The second reason is that when we love something, we tend to diminish its flaws. It is one of the reasons that very attractive people can get away with an action while an unattractive person cannot even if the action is the same. This is also why you can forgive your best-friend for an action while condemning a rival or enemy for the same thing. If you dislike something or are indifferent to it, you will be more inclined to notice the faults. If you hate something, all you can see is its faults. Passion is often the enemy of objectivity. When you are passionate, you tend to want to discuss things that fuel your passion - good or bad.
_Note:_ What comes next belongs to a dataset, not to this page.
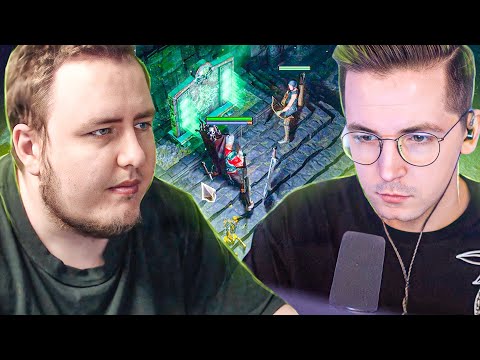 Видео: ЛАМЫЧ УЧИТ РЕКРЕНТА ИГРАТЬ В PATH OF EXILE..!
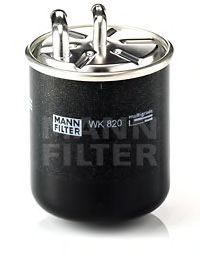 Фильтр топливный в сборе VAICO арт. WK820 фото1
Asking people to be objective requires a lot of self-awareness, some intelligence, and effort.Sometimes, people aren't willing to invest to be objective because objectivity isn't as valued as I think it should be within society as a whole. Oh well... we all have to start somewhere.

 

I was passionate about VII when I played it the first time. I barely noticed the translation issues because I loved a game wasn't afraid to show real drama. I barely noticed some of the story holes because I was just amazed at the narrative they were spinning for me. As I got older and I matured, I took off the nostalgia glasses. I learned to look at things with a more dispassionate eye.  Now, I can clearly see the faults in my favorite anything. That being said, there is such a thing as being too critical and too analytical (A phrase I will probably never utter outside this context) that you fail to take in the experience because you are trying to see all the trees in the forest.  Sometimes, you have to see the whole painting, make a judgement, then break it down.  That's where I say that you shouldn't let small things ruin the experience, which is what often happens to fans in - well, any - fandom. This is why I am not going to sweat over the details of the FFVII remake, even if it was my favorite game of all time once.

 

So, in closing, we are emotional animals, who have so many systems that will interfere with being objective. With wisdom, I think people will learn to be objective, but as a society, especially the internet, isn't mature enough to really value to the level that I think it needs to be valued.